Pocos cantantes hicieron más por popularizar la ópera a finales del siglo pasado que Plácido Domingo. Él y Luciano Pavarotti mantenían una rivalidad que tenía algo de interés mutuo, de provocación compartida y de lucha de divos. Ambos eran extrovertidos y carismáticos, hábiles y ambiciosos. Ambos tuvieron la suerte de vivir una época en la que los grandes tenores del pasado -Björling, Corelli, Di Stefano, del Monaco, Bergonzi- o bien habían muerto, o bien sus recursos vocales empezaban a decaer notablemente. Ambos supieron aprovechar el potencial pop de las compañías discográficas, gracias también a la calidad sonora de las nuevas tecnologías de reproducción. Entre sus rivales, Alfredo Kraus no sólo era mayor sino que su estilo de canto elegante y aristocrático, unido a la parquedad de su repertorio, lo confinaron al ámbito de un público más refinado; mientras que, debido a uno u otro motivo, Carreras, Aragall y Araiza -por citar a otros tres grandes tenores de aquellas décadas- nunca compitieron en la misma liga. Domingo y Pavarotti disfrutaron, pues, de una posición de privilegio y dominio difícilmente repetible en el futuro. Eran, desde luego, cantantes diferentes y, a menudo, complementarios. De mayor belleza vocal el italiano, mucho mejor preparado técnicamente y de emisión más ortodoxa; más versátil y apasionado el madrileño, y aunque tendía con frecuencia al histrionismo -no se puede calificar de elegante su línea vocal-, su canto resultaba profundamente creíble y musical, apoyado sin duda en sus cualidades actorales y en la riqueza en armónicos de su voz. Tras el enorme éxito comercial de los Tres Tenores en el verano de 1990, que marcó un antes y un después en la popularización de la ópera, Domingo gozó de una época gloriosa sin apenas otro límite que reinventarse a sí mismo. Mientras José Carreras era ya apenas una sombra de sí mismo y Pavarotti decía adiós a sus mejores años, Plácido Domingo se adentraba en el repertorio wagneriano, totalmente vedado a la mayoría de cantantes del repertorio italiano. Nadie podía prever en aquel momento ni la duración asombrosa de su carrera -debutó en 1959 interpretando a Pascual en Marina y el mes pasado mi hija, con once años, todavía pudo escucharlo en Madrid interpretando Giovanna d'Arco- ni la magnitud de su obsesión por las cifras, que le llevaría a querer batir un récord tras otro. Y a conseguirlo, a pesar de sus más que precarias condiciones vocales y de su discutible salto a la cuerda de barítono.

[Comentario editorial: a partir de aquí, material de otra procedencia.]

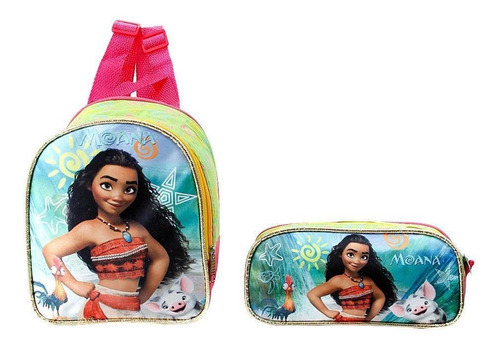 Kit Mochila Infantil Escolar Moana Mar De Aventuras Rodinha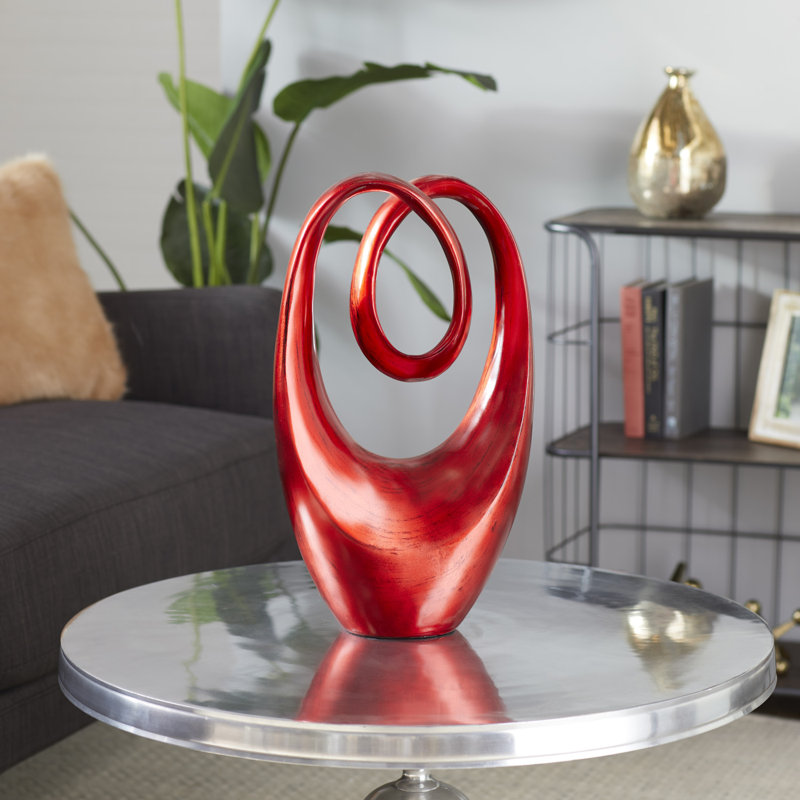 Polystone Swirl Abstract Decorative Red Sculpture, Red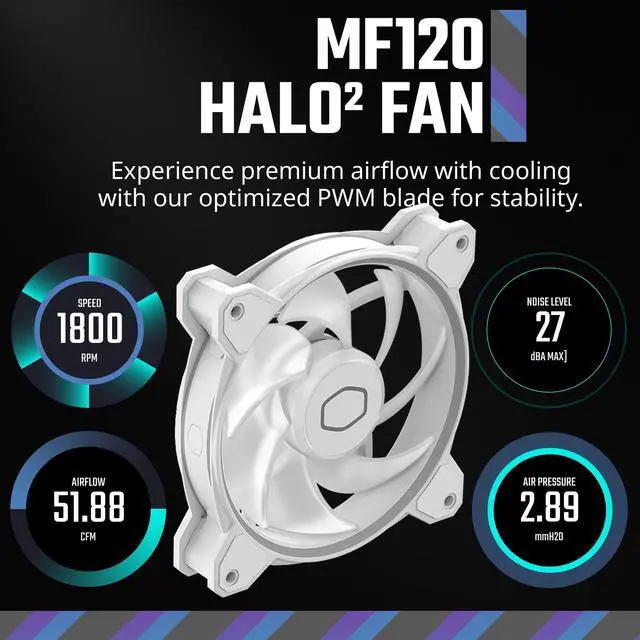 Alt view image 4 of 5 - Cooler Master Hyper 212 Halo White CPU Air Cooler, 120 Halo² PWM Fan, Dual Loop ARGB, Aluminum Top Cover, 4 Copper Heat Pipes, 154mm Tall, AMD Ryzen AM5|AM4, Intel LGA 1851|1700|1200 Brackets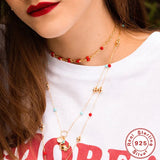 925 Sterling Silver Crab Lobster Pendant Necklace Red Heart Beads Chains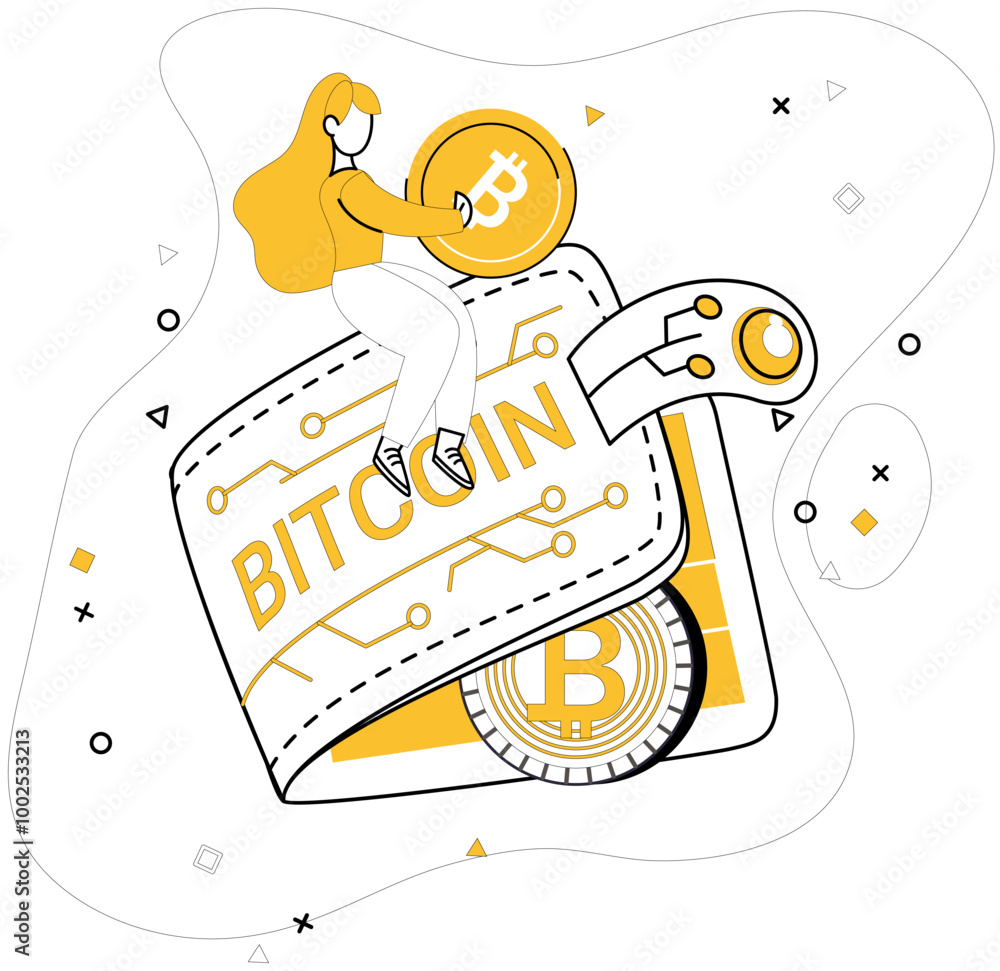 Poster bitcoin wallet vector illustration. banking in digital age requires reliable and secure bitcoin wall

Cuando yo vivía en Nueva York a mediados de los noventa y acudía casi cada semana al gallinero del MET, el donjuanismo de Plácido Domingo era ya una especie de secreto a voces en el mundillo de la ópera, como el de tantos otros cantantes, músicos y artistas. Se decía simplemente que le gustaban las mujeres y con ello se daban a entender muchas cosas, aunque nunca tuve la sensación de que se hablara de algo delictivo. Las acusaciones que ahora pesan sobre él -ciertas o no- acelerarán notablemente el final de su carrera, muy lastrada ya por la edad. Con él desaparecerá el último eslabón de una larga cadena de cantantes que desde Caruso lograron traspasar las paredes del coliseo operístico para alcanzar la fama entre el gran público. Nadie ha cantado tanto como Domingo ni con una calidad media tan aceptable en los papeles más dispares. Recuerdo especialmente la fiereza lírica de su Otello, una Manon Lescaut discográfica realmente memorable junto a Monserrat Caballé, sus innumerables Cavaradossi y un Parsifal ya envejecido pero noblemente cantado con Christian Thielemann. Su destino ahora recuerda al de un dios caído. Hay algo siempre trágico en los mitos.